There are several ways in which what happens in your daily life can have an effect on your working life. This is especially true if you’re working from home. The key to maintaining a good work-life balance is to ensure that neither sphere of your life adversely affects the other.
One example would be meal preparation. If you’re trying to eat healthily, you’ll want to prepare your own meals. This can be a hassle because you’ll need to go grocery shopping and also cook for yourself. So when will you do these chores? Before you start working? After? Or will you take a break midday to cook your meals? If you don’t wish to cook, you may choose to order food from outside. But what will you order? And are the meals healthy?

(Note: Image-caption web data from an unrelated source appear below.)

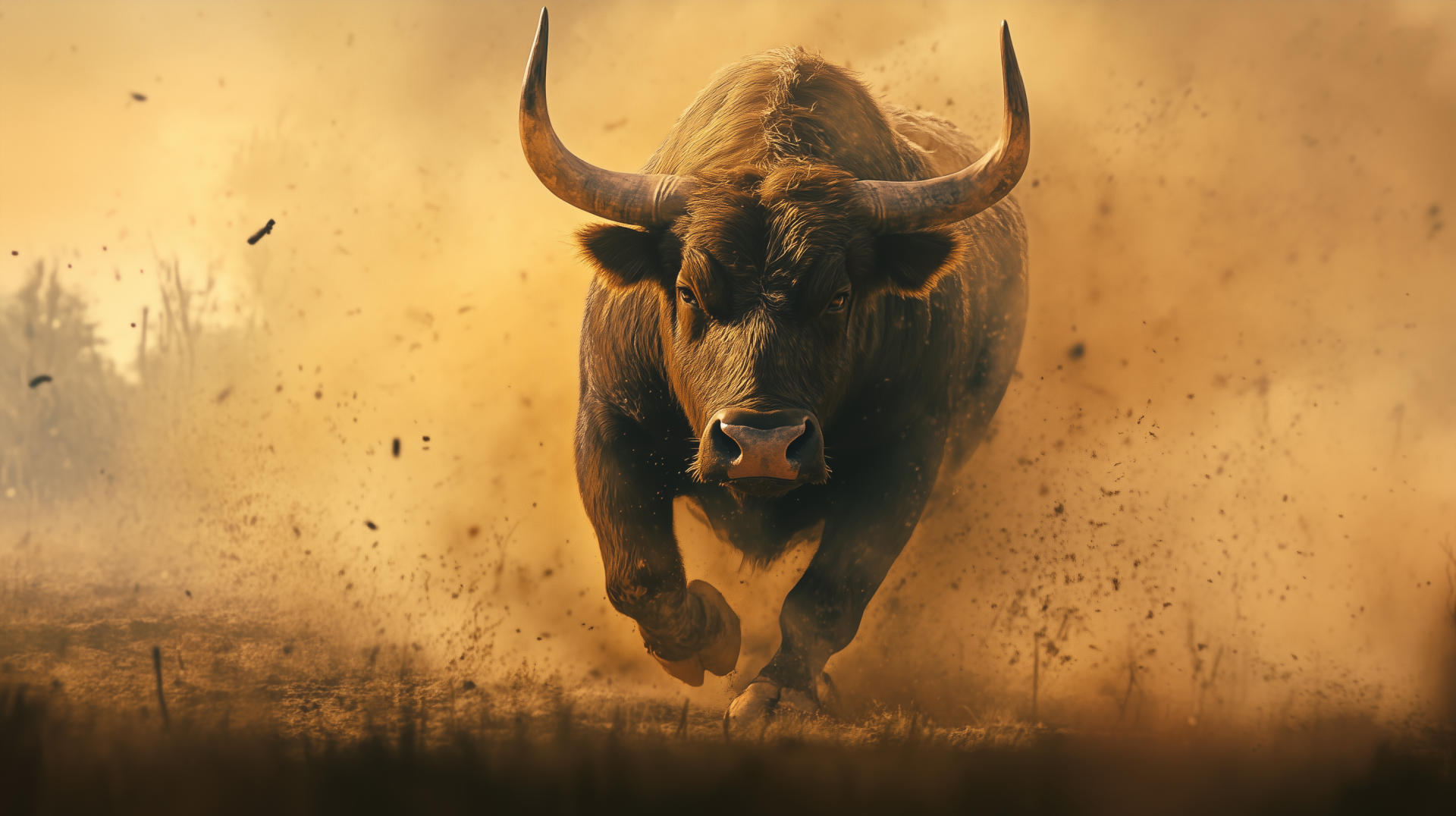 A powerful bull charges through a cloud of dust, showcasing its strength and movement. This striking image serves as an impressive HD desktop wallpaper and background.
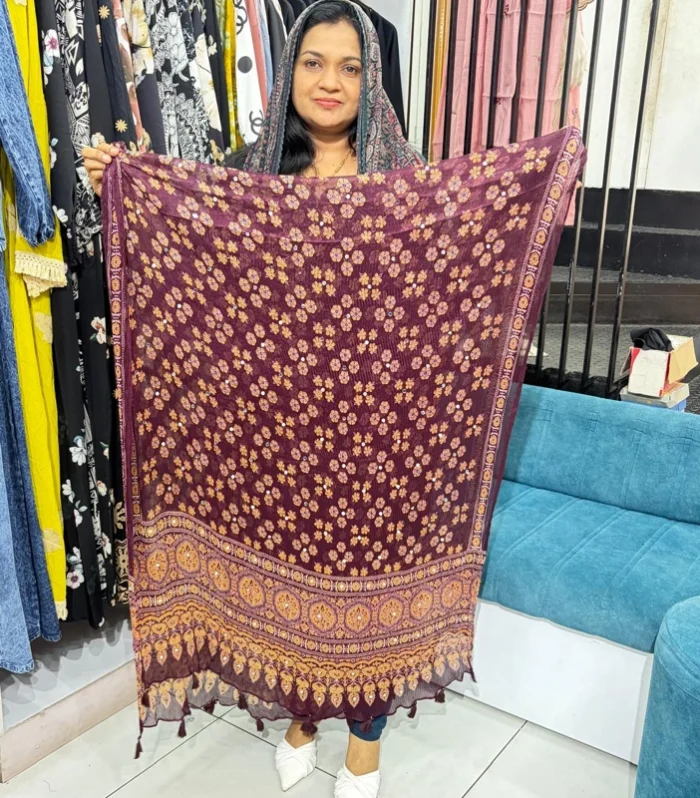 Georget Crushed Dupatta – Grape Wine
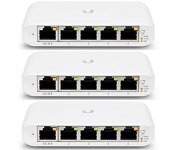 Ubiquiti USW-Flex-3 Usw Flex 3 Pack- Managed, Layer 2 Gigabit Switch With Auto-Sensing 802.3Af Poe Support. 1X Poe In, 4X Poe Out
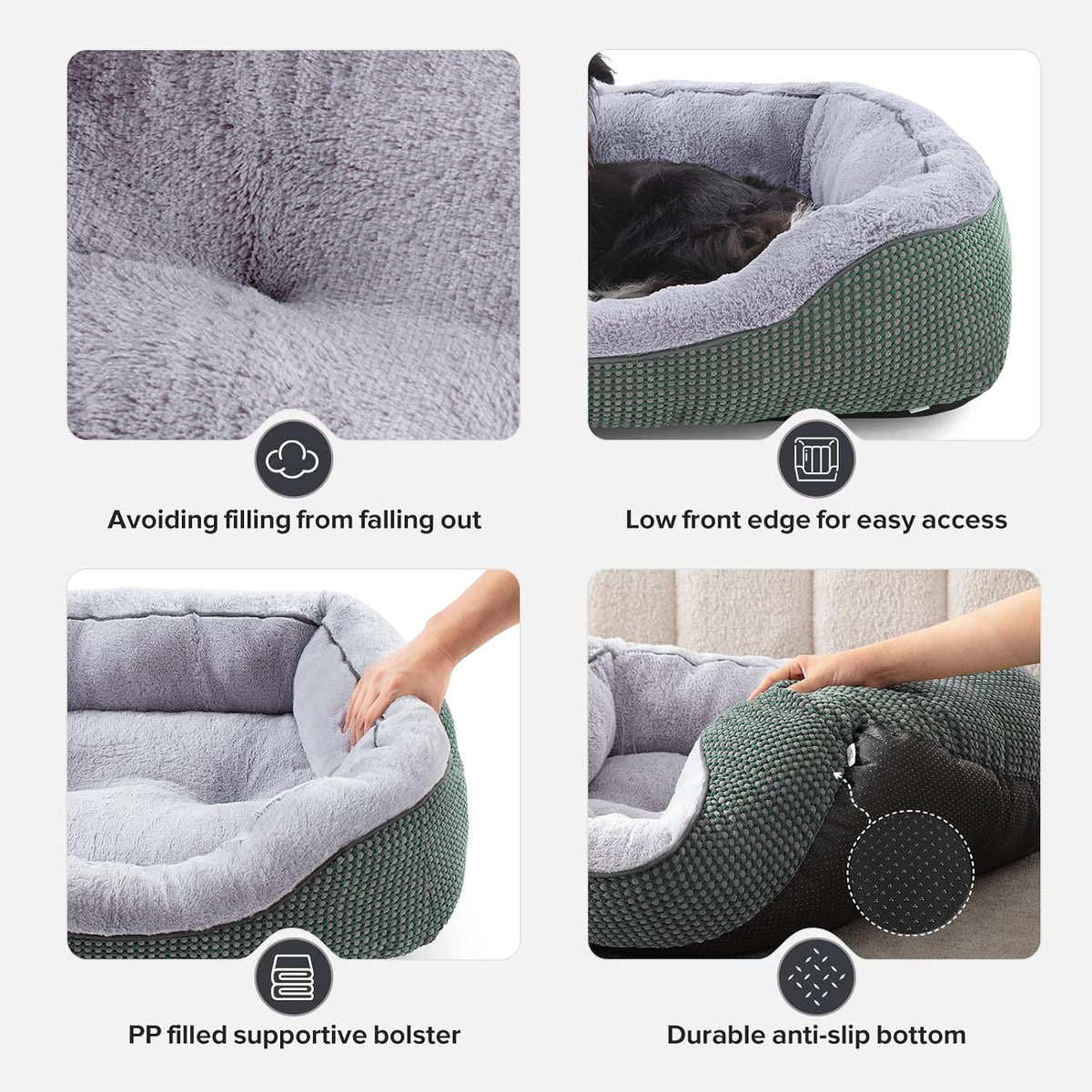 INVENHO Small Dog Bed Orthopedic Warming Soft Calming Sleeping Durable with Anti-Slip Bottom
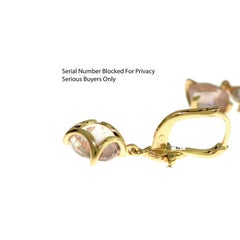 Cartier Lotus Rose Quartz and Diamond Rose Gold Drop Earrings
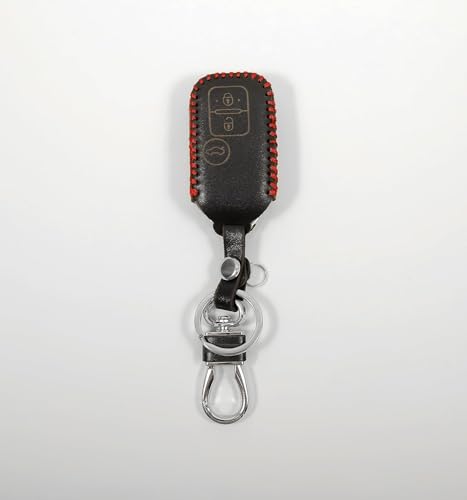 Image of Leather Smart Car Key Cover Case with Metal Hook Keychain for Suzuki Ignis, Baleno, Ertiga, Swift, Dzire (Black)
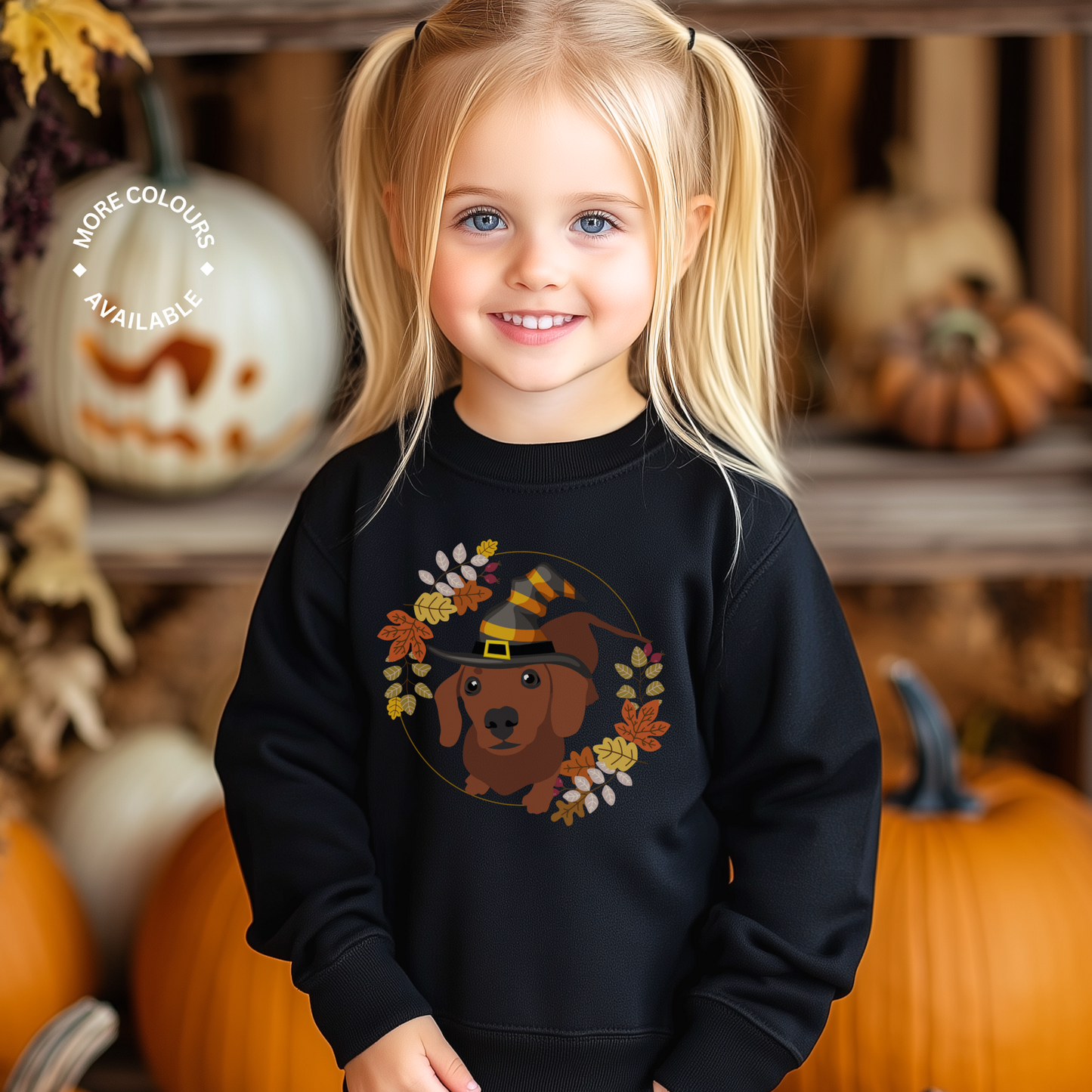 Kids Halloween/Autumn Dachshund Sweatshirt | Unisex Sizes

Just this one point alone has so many questions that need to be answered. Deciding what to eat can take up a lot of time and cause decision fatigue. You cannot be productive if you keep wondering about your meals. If you decide to cook midday, after all the prep and cleaning you may be too tired to be as productive. This overlap in work and home life needs to be figured out. Besides these, there are also chores that need to be done. When will you do the laundry and the dishes? Does the house need to be vacuumed? Anyone who does household chores will tell you that cumulatively, these chores are exhausting. So, it’s best to have a schedule that you follow. You may choose to vacuum your house every other day, and do laundry on Tuesdays and Fridays. There are no hard and fast rules here, but you need to have a system that works for you.
If you have kids, you may choose to delegate the smaller chores to them. That will lighten some of your workloads.
Other than these activities, you might have to fetch your kids to and from school. This too can mess with your schedule if you don’t factor it into consideration.
The truth of the matter is that if you’re working from home, your routine will face iteration several times before you have one that is fantastic and suits you well. Don’t expect perfection on the first try. Life is unpredictable and fluid. Your child may come down with the flu. Your car may break down when you need to make a trip to the mall and so on.
These little challenges can throw you off track. But that’s life… and one inconvenient setback in one area can have ripples on everything else in your daily routine. The best way to prevent unexpected setbacks or constant time-wasting issues will be to actively look for the areas that may overlap. You may not be able to predict them all, but you can definitely figure out where your home life impedes your work progress and vice versa.
From then on, it’s just a matter of finding ways to get around these little kinks until you have a smooth routine and you can work on autopilot without constantly scrambling to get things done.
“Unless structure follows strategy, inefficiency results.” – Alfred DuPont Chandler.